まず、夕刊フジの〝日中国交正常化″の見出しが間違い。中国とは戦前から国交があり、一度も異常(国交断絶)だったことはない。1972年以降、「中国」を指す固有名詞が「中華民国」から「中華人民共和国」に変更されただけの話だ。
別の意味で、中央通訊社(台湾)の〝台日断交50年″という標題も誤り、なぜなら、1952年に台湾の領有権を放棄させられるまでは日本固有の領土だったわけだから、台湾人も日本人もパスポートなしで相互往来できたのだ。
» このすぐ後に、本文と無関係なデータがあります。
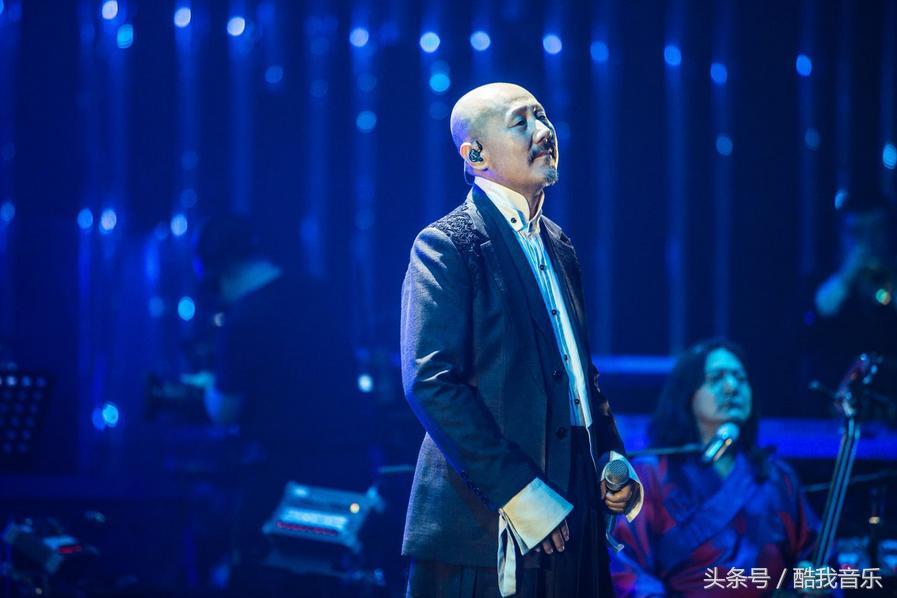 腾格尔参加t台首秀,歌手2018腾格尔踢馆视频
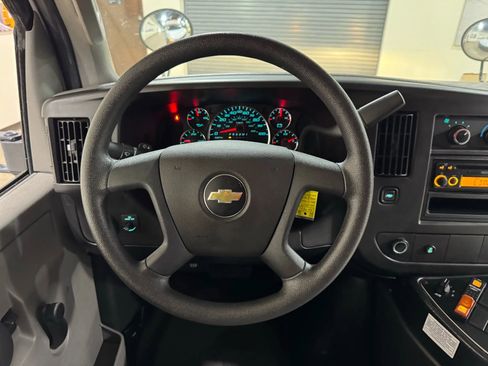 Used 2019 Chevrolet Express 3500 w/ School Bus Package image 44
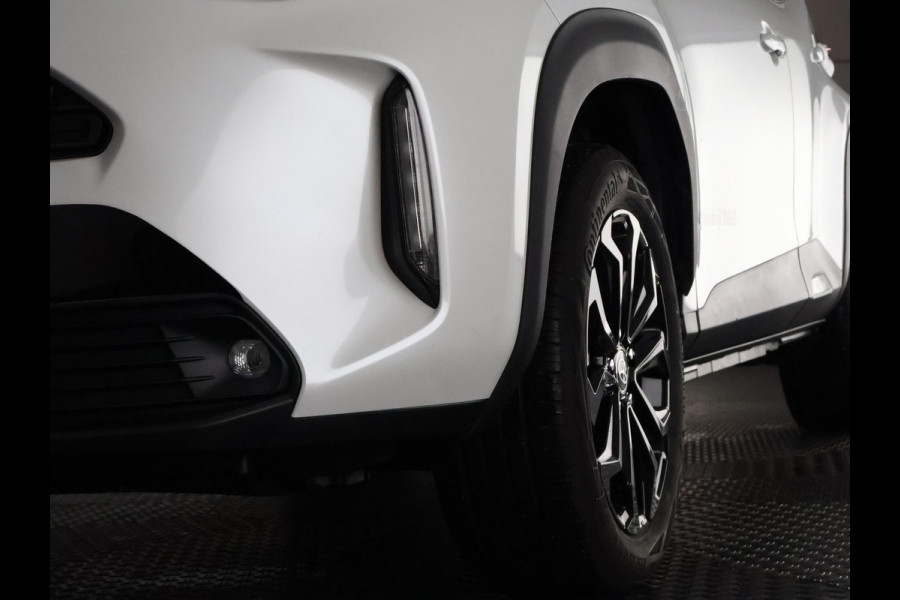 Toyota Yaris Cross 1.5 Hybrid 130 Dynamic Luxury Bi-Tone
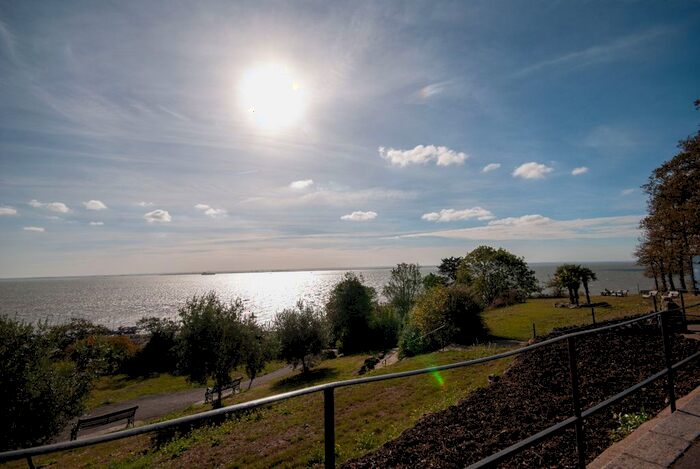 2 Bedroom Flat To Rent In The Pavilions, Cambridge Road, Southend-On-Sea, SS1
少なくとも、終戦直後の中華民国(中国国民党)軍による台湾不法占領までは。1948年末に国共内戦に敗れた蒋介石ら政府幹部が台湾に逃れると、事態はさらにややこしくなる。中華民国とは国交があるにも拘わらず、日本領台湾で亡命政府を樹立したからだ。GHQ占領下の我国に外交権はなく、交渉の余地すらなかったのだ。まさに火事場泥棒に遭ったと言わざるを得ない。なお、1952年の台湾放棄に際して、我国は帰属(返還)先を明示していない。要するに、実効支配していた中華民国(=中国)への返還を実質的に拒否したことになる。(←これ重要)
中国(中華人民共和国)は、「一つの中国〝原則″」と呼称し、
①中国は世界で唯一つ、中華人民共和国だけ
②台湾は中国(中華人民共和国)固有の領土
③中華人民共和国は中国を代表する唯一の合法政府
一方の米国は、「一つの中国〝政策″」を掲げ、③のみ承認しているものの、①②は中国の主張を認識するに止まり、自国の見解を示していない。現代国際社会に於いて、当の台湾を含めて③及び①を否定する国家はあるまい。事実、台湾の通信社である中央通訊社は、「中国」と「台湾(中華民国)」を明確に区別している。〝大陸反攻″を唱えていた中国国民党不法占領政権時代ならいざ知らず、台湾土着政党たる蔡英文民進党現政権は、自国が「中国」であることを明確に否定している。この時点で、「一つの中国〝原則″」はもはや破綻しているのだ。
なぜなら、「中国」を名乗る国家は、台湾を含めて地球上に存在しないからだ。台湾が「中国」であることを否定している以上、②の主張も成立しない。つまり、「一つの中国〝原則″」は、ヤクザ体質の中国共産党と中国国民党、即ち中国人による妄想に過ぎないということだ。
国民性(民度)に於いても、日本・台湾対中国で明確に区分することが出来る。日本人と台湾人が互助互譲互恵・共存共栄を旨とする利他的ゲマインシャフト(共同体)型高信頼社会を目指しているのに対し、中国人は利害関係で離合集散を繰り返す究極の利己的ゲゼルシャフト(利益体)社会に収斂されている。
【ゲマインシャフト(共同体社会)】-Gemeinschaft-
ドイツの社会学者、テンニエスが設定した社会類型の一。人間が地縁・血縁・精神的連帯などによって自然発生的に形成した集団。家族や村落など。共同社会。
【ゲゼルシャフト(利益体社会)】-Gesellschaft-
ドイツの社会学者、テンニエスが設定した社会類型の一。人間がある特定の目的や利害を達成するため作為的に形成した集団。都市や国家、会社や組合など。利益社会。
台湾は台湾であって中国ではない。-台灣是台灣,不是中國。-
こんな分かり切ったことすら理解できていないのが、中国共産党である。